Un’odissea per i viaggiatori della linea ad alta velocità Roma-Napoli: la circolazione ferroviaria è stata interrotta per quasi cinque ore, a partire dalle 15:30. La causa? Alcuni incendi scoppiati nei pressi dei binari.

Questo imprevisto ha costretto i treni ad essere deviati sulla linea convenzionale, causando notevoli disagi nelle stazioni di Roma e Firenze.

Roma Napoli incendio
Incendio sul tratto tra Roma e Napoli (Napoli.CityRumors.it)

I passeggeri si sono trovati di fronte a una situazione di caos e incertezza, con ritardi che hanno inevitabilmente influenzato i loro programmi di viaggio.

Secondo quanto riferito da Rete Ferroviaria Italiana (Rfi), due distinti roghi hanno provocato la sospensione del servizio: il primo tra Salone e Anagnina, nelle province di Roma e Frosinone; il secondo tra Gricignano e Caserta, in Campania.

Queste emergenze hanno richiesto un’immediata sospensione della circolazione per garantire la sicurezza dei viaggiatori e permettere le operazioni di spegnimento degli incendi.

Incendio treno sulla tratta Roma-Napoli

Alle 20:15 è arrivato l’annuncio da parte di Rfi: la circolazione sulla linea Roma – Napoli Alta Velocità, precedentemente interrotta a causa degli incendi, ha iniziato a riprendere gradualmente.

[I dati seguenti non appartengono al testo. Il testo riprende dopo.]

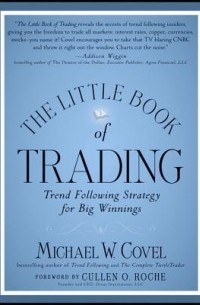 Michael W. Covel - The Little Book of Trading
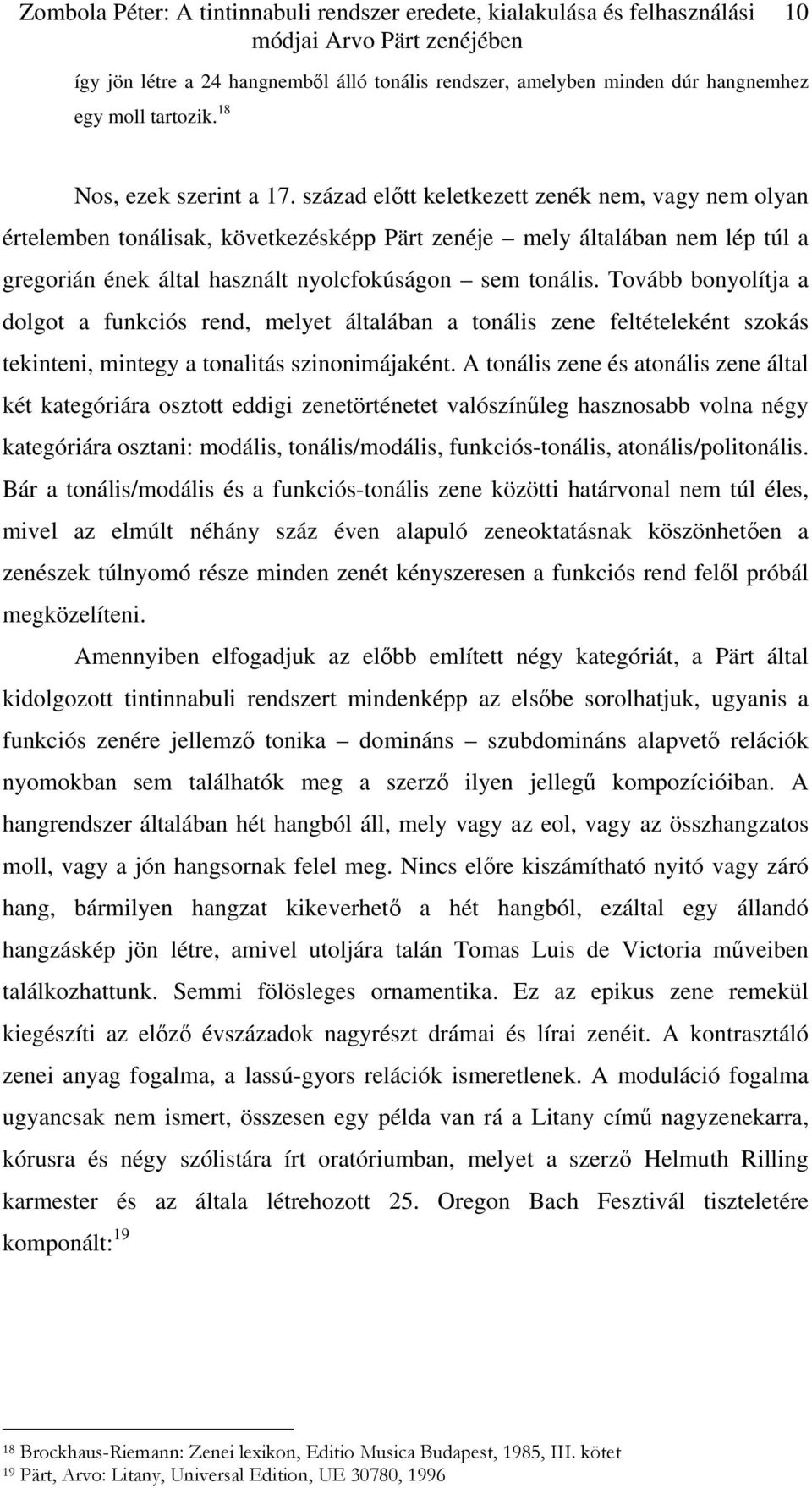 század előtt keletkezett zenék nem, vagy nem olyan értelemben tonálisak, következésképp Pärt zenéje mely általában nem lép túl a gregorián ének által használt nyolcfokúságon sem tonális.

Tuttavia, nel tratto interessato dai roghi è stata imposta una riduzione della velocità dei treni. Di conseguenza, si prevedono rallentamenti significativi fino a 180 minuti sui treni che collegano Napoli con Roma, Firenze e Bologna. Anche il trasporto regionale ha subito ritardi, variazioni e cancellazioni soprattutto nella relazione tra Roma – Ciampino – Cassino.

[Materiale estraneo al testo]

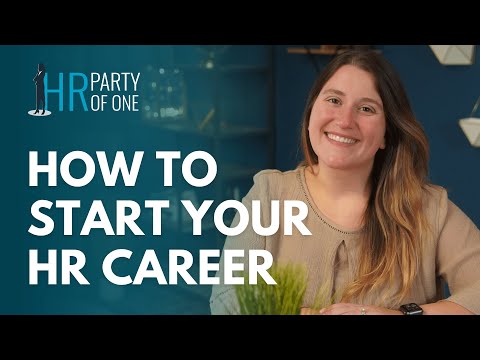 How to Start Your HR Career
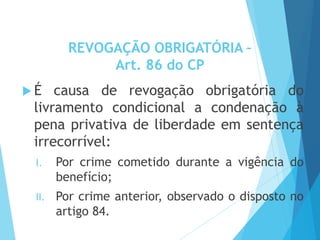 REVOGAÇÃO OBRIGATÓRIA –
Art. 86 do CP
 É causa de revogação obrigatória do
livramento condicional a condenação à
pena privativa de liberdade em sentença
irrecorrível:
I. Por crime cometido durante a vigência do
benefício;
II. Por crime anterior, observado o disposto no
artigo 84.
 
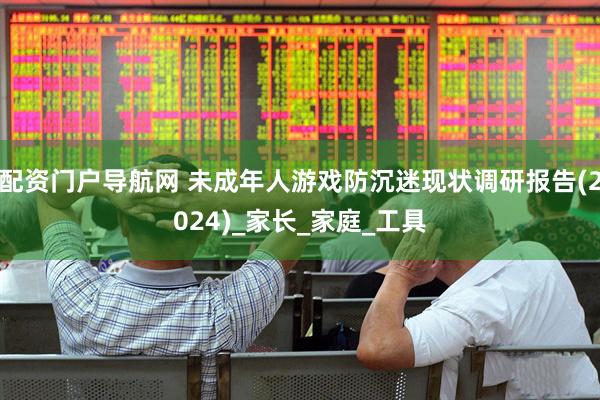 配资门户导航网 未成年人游戏防沉迷现状调研报告(2024)_家长_家庭_工具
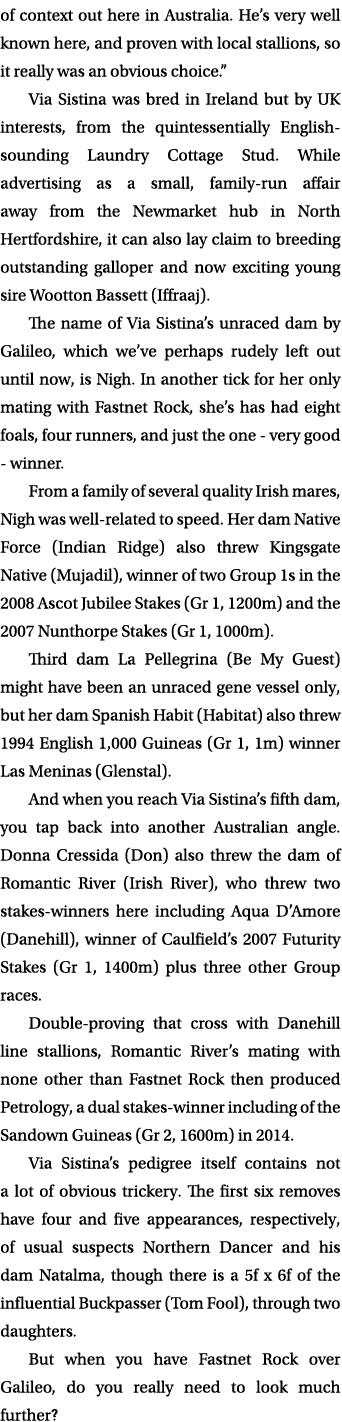 of context out here in Australia. He’s very well known here, and proven with local stallions, so it really was an obv...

Incendio sulla tratta tra Roma e Napoli
Incendio tra Roma e Napoli (Napoli.CityRumors.it)

L’interruzione del servizio non è passata inosservata sul fronte politico. Il deputato del Partito Democratico Piero De Luca ha espresso forte critica nei confronti dell’attuale gestione dei trasporti italiani, puntando il dito contro Matteo Salvini che “festeggia” mentre l’Italia vive un “calvario” nei trasporti ad alta velocità. Secondo De Luca, Salvini sarebbe direttamente responsabile del caos che sta affliggendo milioni di cittadini e turisti con danneggiamenti economicamente tangibili per il Paese.

Questo episodio mette in luce le vulnerabilità del sistema ferroviario italiano davanti agli eventuali disastri naturali o incidentali come gli incendi vicino ai binari. La necessità di garantire sicurezza ed affidabilità diventa sempre più impellente nell’ottica di offrire un servizio efficiente ai milioni d utenti che quotidianamente si affidano al treno per i loro spostamenti.